Marina De Pian expone sus fotografías
En Italia tuvo sus primeras incursiones fotográficas a las que su papá no veía con buenos ojos, aunque hizo un par de exposiciones en la intendencia del pueblito de 1200 habitantes donde vivía, acercándose todos los vecinos para verse retratados en las imágenes ya que estaba dando un testimonio del lugar que hasta ese momento no se había visto.
Pero la sensación de añoranza de una ciudad que está hecha “a medida del hombre -señala- cada vez era mayor y quería que mi hija creciera en un ambiente más grande, más cercano a la realidad de nuestra familia”.
Desde el alma
Marina piensa en voz alta, habla de los inmigrantes italianos que llegaron a la Argentina llenos de sueños y que tal vez ella y sus padres hicieron el camino a la inversa, casi sin darse cuenta o inconscientemente para conocer la tierra de sus ancestros. “Algo en la sangre hay”, señala.

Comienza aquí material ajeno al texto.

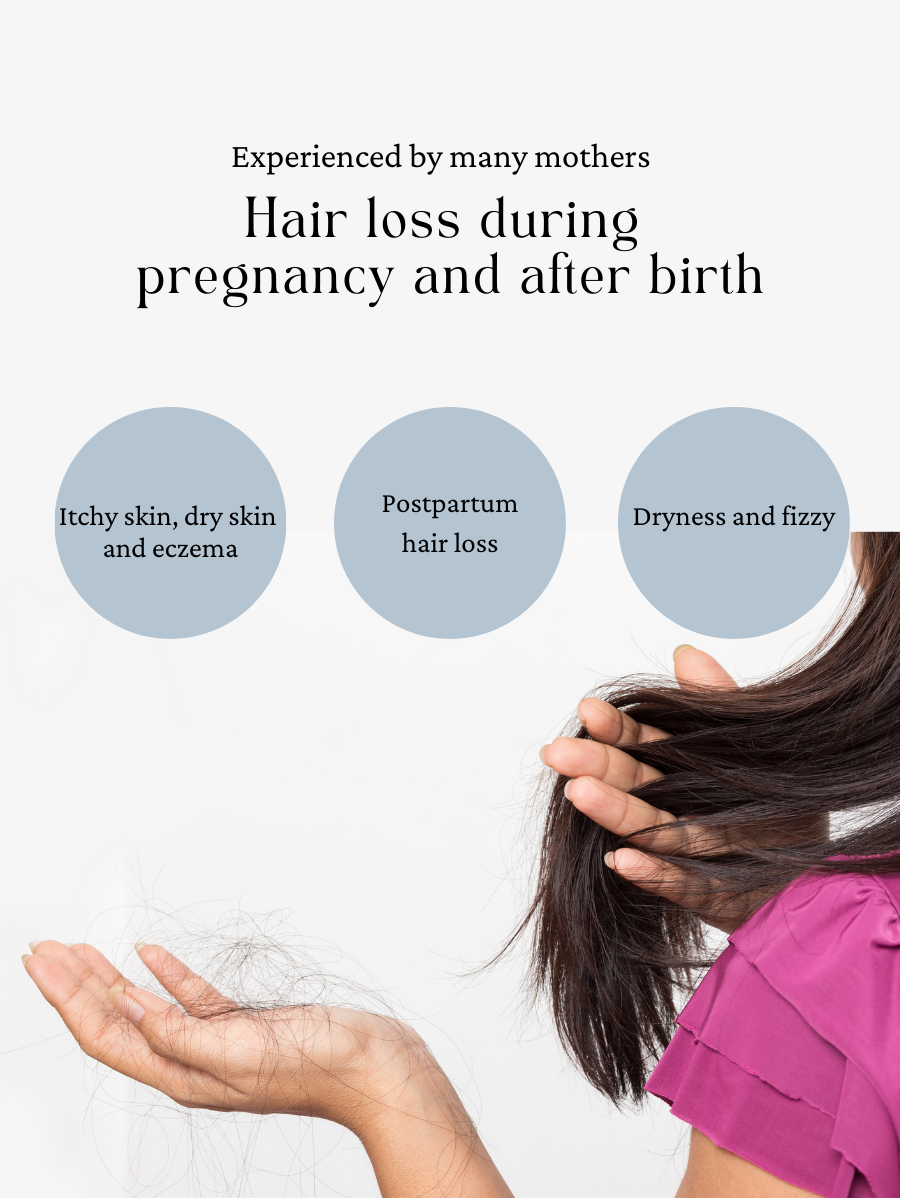 Inujirushi × RauB® Mineral Cleanse Shampoo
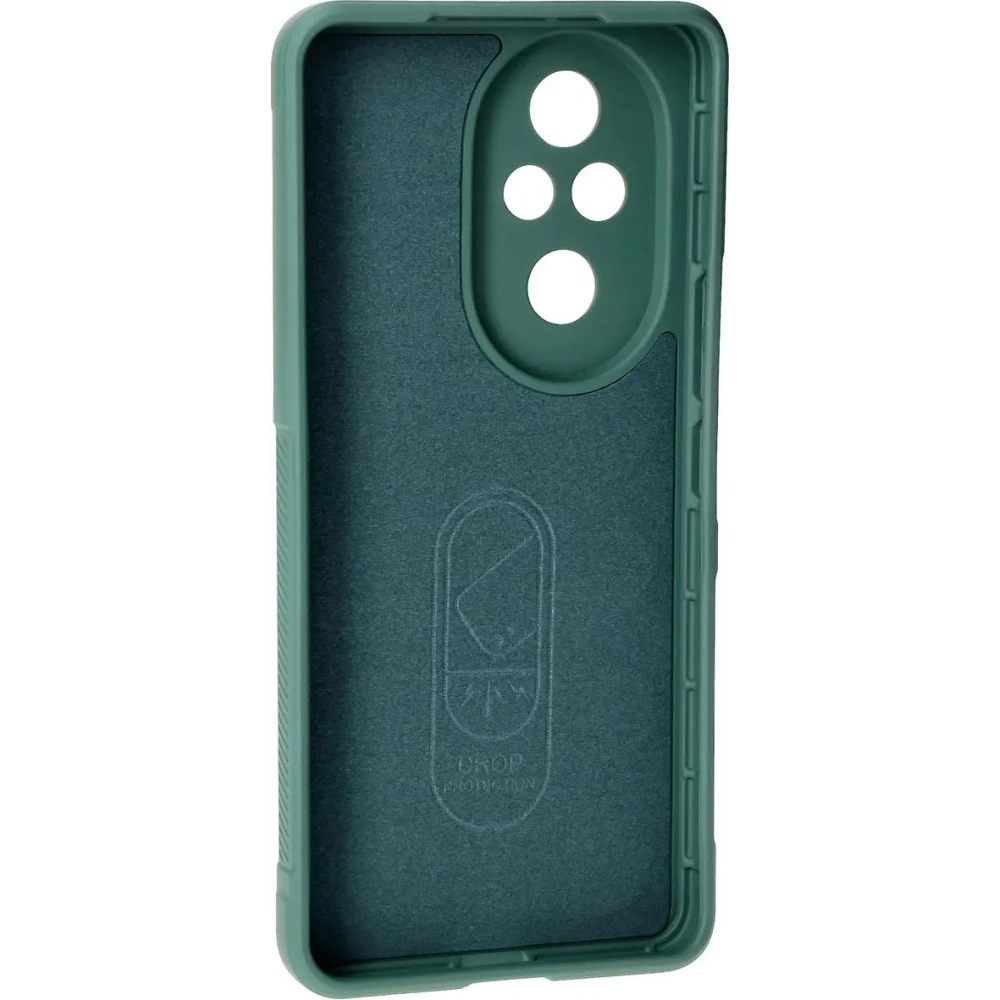 Hurtownia GSM - Pancéřové pouzdro Bizon Case Tur pro Honor 200 Pro tmavozelené - BIZ6290 - {ean13} - Hurt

“La primera foto la hice cuando mi hija Lara tenía un mes, estaba en la estación de trenes con mi máquina digital que no era nada del otro mundo. Allá barren la calle muy temprano y el hombre encargado del aseo tenía todos sus elementos en un carro y como llovía se resguardaba bajo un paraguas color fucsia. Yo estaba esperando el tren que me llevaría a abordar el avión que me traería a la Argentina y cuando tomo la foto y veo el resultado me acordé de mi padre siempre dice: ´La foto tiene que tener algo´. Y ésa tenía algo. Y muchas veces veo cosas que no son fotos pero me gustan y la tomo y no dice nada. Este barredor del paraguas fue la primera constatación de que en realidad llevo la fotografía en el alma”.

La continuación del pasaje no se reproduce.